Uwierzyła fałszywemu „pracownikowi banku”. Straciła 14,5 tysiąca złotych!
Oszust pod pretekstem ochrony pieniędzy doprowadził mieszkankę Tczewa do utraty oszczędności. Policja apeluje: nigdy nie podawaj danych ani kodów BLIK osobom poznanym przez telefon!
Do policjantów z Tczewa zgłosił się 31-letni mieszkaniec miasta, który poinformował, że jego żona padła ofiarą oszustwa metodą „na pracownika banku”. Do kobiety zadzwonił oszust, który przedstawił się jako konsultant banku. Twierdził, że z jej konta ktoś próbuje dokonać nieautoryzowanych transakcji i aby „zabezpieczyć środki”, należy wykonać kilka operacji finansowych. W rozmowie, pełnej pośpiechu i presji, kobieta przekazała oszustowi kody BLIK, które – jak się później okazało – posłużyły do wypłaty 14 500 złotych w bankomacie przez sprawcę.

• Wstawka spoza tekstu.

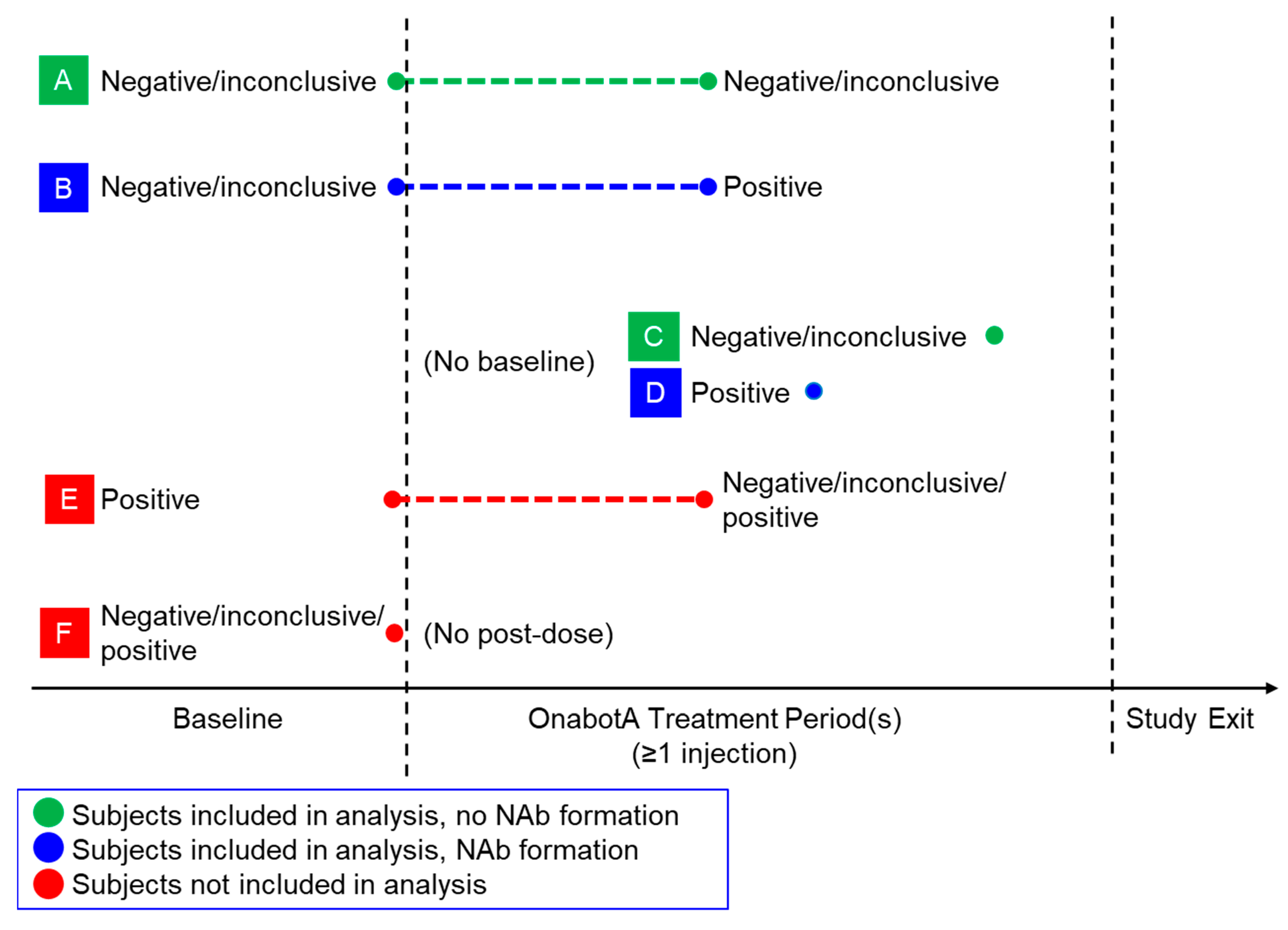 Toxins 15 00342 g004 Toxins 15 00342 g004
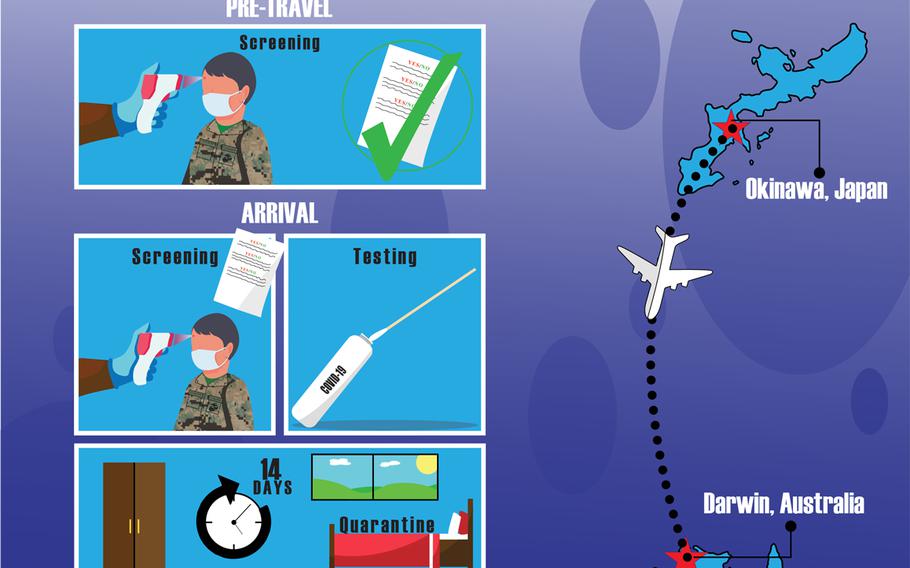 As Marine Rotational Force - Darwin prepares for the annual rotation during the COVID-19 pandemic, strict prevention measures will be in place prior to, during and upon arrival in Australia. This infographic portrays all the measures that will be taken to assure all personnel attached to MRF-D do not contract or spread the COVID-19 virus.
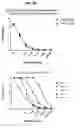 Fig. 98 - Recombinant HIV-1 envelope proteins and their use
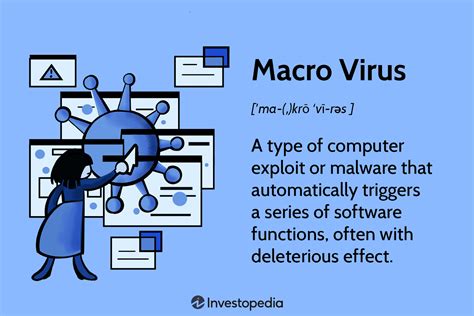 Macro Virus: What It is, How It Works, Prevention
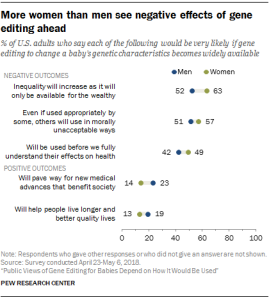 More women than men see negative effects of gene editing ahead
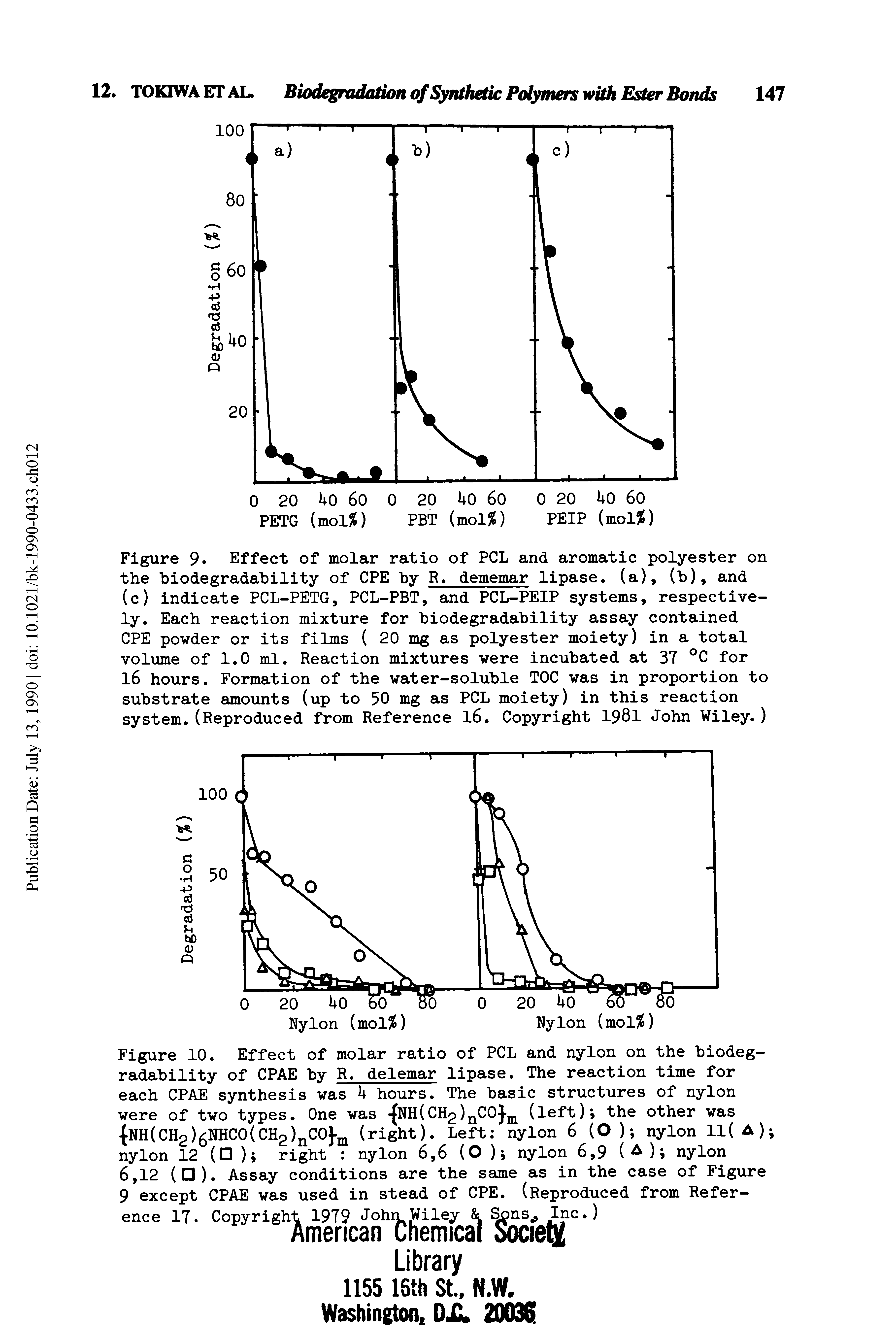 Figure 9 Effect of molar ratio of PCL and aromatic polyester on the biodegradability of CPE by R. dememar lipase, (a), (b), and (c) indicate PCL-PETG, PCL-PBT, and PCL-PEIP systems, respectively. Each reaction mixture for biodegradability assay contained CPE powder or its films ( 20 mg as polyester moiety) in a total volume of 1.0 ml. Reaction mixtures were incubated at 37 °C for l6 hours. Formation of the water-soluble TOC was in proportion to substrate amounts (up to 50 mg as PCL moiety) in this reaction system. (Reproduced from Reference l6. Copyright 1981 John Wiley. )...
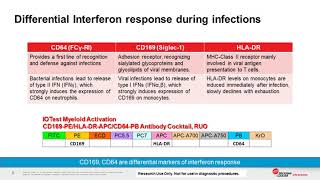 IOTest Myeloid Activation CD169 PE HLA DR APC CD64 PB Antibody Cocktail   Visualizing immune...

Policjanci prowadzą postępowanie w tej sprawie i przypominają: oszuści coraz częściej podszywają się pod pracowników banków, policjantów czy innych instytucji zaufania publicznego. Ich celem jest jedno – wyłudzić dane lub pieniądze.
POLICJA APELUJE – NIE DAJ SIĘ OSZUKAĆ!
• Prawdziwy pracownik banku nigdy nie prosi o podanie kodów BLIK, haseł ani danych do logowania!
• Nie działaj pod presją czasu. Odłóż słuchawkę i samodzielnie zadzwoń na oficjalny numer banku.
• Nie klikaj w linki i nie instaluj aplikacji, które rzekomo mają pomóc „zabezpieczyć konto”.
• Oszustwo zgłoś natychmiast na policję lub pod numer 112.